XML descriptions are clearer, but have some probvlem as well.
some features do not have a stat and end point. in this case I skipped them.

>> ... and Mauro build some unit testing to compare the results
>> between the two parsers, take a look at Tests / test_Uniprot.py in my
>> repo:
>>
>> http://github.com/apierleoni/biopython/blob/uniprotxml-branch/Tests/test_Uniprot.py
>
> I thought I tried your version of the test but the seq_tests_common
> function
> compare_records seemed to strict...
>

I depends how how well we want to fit the plain-text vs xml parser.
I don't think we could end up in 100% identical seqrecords, and some
flexibility should be used.

>
> I avoided this issue in the test on my branch ;)
>
> I think we should update the plain text parser and BioSQL wrapper to
> support
> use the same nesting as BioPerl is using. i.e.
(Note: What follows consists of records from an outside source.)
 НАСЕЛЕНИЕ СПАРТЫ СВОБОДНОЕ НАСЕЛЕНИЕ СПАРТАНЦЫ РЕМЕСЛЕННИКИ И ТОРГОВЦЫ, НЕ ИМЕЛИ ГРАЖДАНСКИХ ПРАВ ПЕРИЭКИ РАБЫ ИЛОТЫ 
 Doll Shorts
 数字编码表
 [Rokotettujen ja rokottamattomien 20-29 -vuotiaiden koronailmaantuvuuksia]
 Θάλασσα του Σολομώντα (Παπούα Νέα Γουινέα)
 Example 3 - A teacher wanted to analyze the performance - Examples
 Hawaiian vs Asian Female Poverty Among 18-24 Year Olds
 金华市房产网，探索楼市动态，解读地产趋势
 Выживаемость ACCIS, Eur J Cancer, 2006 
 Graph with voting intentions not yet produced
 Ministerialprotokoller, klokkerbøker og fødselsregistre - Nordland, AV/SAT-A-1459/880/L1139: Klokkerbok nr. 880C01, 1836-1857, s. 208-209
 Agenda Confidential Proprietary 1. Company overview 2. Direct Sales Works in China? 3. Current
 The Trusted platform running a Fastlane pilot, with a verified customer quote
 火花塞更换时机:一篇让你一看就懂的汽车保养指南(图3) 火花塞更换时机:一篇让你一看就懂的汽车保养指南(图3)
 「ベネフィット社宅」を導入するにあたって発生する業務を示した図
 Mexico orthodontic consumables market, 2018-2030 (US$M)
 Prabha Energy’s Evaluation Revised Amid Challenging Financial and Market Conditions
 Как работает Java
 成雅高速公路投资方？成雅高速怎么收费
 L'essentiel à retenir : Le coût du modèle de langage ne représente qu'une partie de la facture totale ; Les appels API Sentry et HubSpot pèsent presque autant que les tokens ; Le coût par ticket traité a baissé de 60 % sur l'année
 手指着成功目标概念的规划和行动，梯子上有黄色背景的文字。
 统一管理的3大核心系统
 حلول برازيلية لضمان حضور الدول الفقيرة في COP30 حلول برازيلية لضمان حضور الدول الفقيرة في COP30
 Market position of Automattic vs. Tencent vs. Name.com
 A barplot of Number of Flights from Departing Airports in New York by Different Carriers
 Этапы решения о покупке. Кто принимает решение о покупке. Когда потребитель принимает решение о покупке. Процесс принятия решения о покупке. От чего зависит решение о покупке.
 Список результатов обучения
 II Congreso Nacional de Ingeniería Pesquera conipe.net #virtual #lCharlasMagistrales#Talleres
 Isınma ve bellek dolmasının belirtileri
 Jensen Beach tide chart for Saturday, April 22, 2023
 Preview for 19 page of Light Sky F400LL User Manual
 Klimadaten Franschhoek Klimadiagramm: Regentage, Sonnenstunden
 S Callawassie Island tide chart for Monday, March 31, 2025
Start by running
> BioPerl to import
> a record into BioSQL, and see how the comment ended up.
>

well, BioPerl guys weren't very collaborative on the BioSQL mailing list.
however I just read a couple of messages at that time.

they are using their schema and BioJava is not using the same schema.
I don't know about other projects.

I think we have 3 choiches:

1) follow BioPerl whatever they does (could be good)
2) try to define our rules (bad)
3) set a defined open schema and propose it to BioSQL (good)

In my parser I'm storing information from the comment as annotations
in the seqrecords, buinding annotation key on the basis of the XML
tree. this is a quick and dirty hack, but can be done much better.

we could store complex comment field with XML, but I'm not incline
in using just a big XML string in the comment field.

Also keep in mind that the "comment" field is no longer called comments
in the uniprot web-site but "general annotations", so maybe it makes sense
 to store this data as annotation in some other place.

>> just to be clear, are we going to call this parser format just
>>  "uniprot" or
>> "uniprot-xml"?
>
> Another open question, I recall asking this on the open-bio cross project
> mailing list, but can't find it in the archive. Maybe I just meant to
> write an
> email and forgot? Do you remember this - I would have CC'd you.
> Basically I don't have a strong view on "uniprot" versus "uniprot-xml" but
> would like to agree this with BioPerl and EMBOSS.

The issue here was that I started calling this format "uniprot" then I
realize
in the EBI REST services the file format is referred as "uniprot-xml".
currently in my branch it is called uniprot-xml

Andrea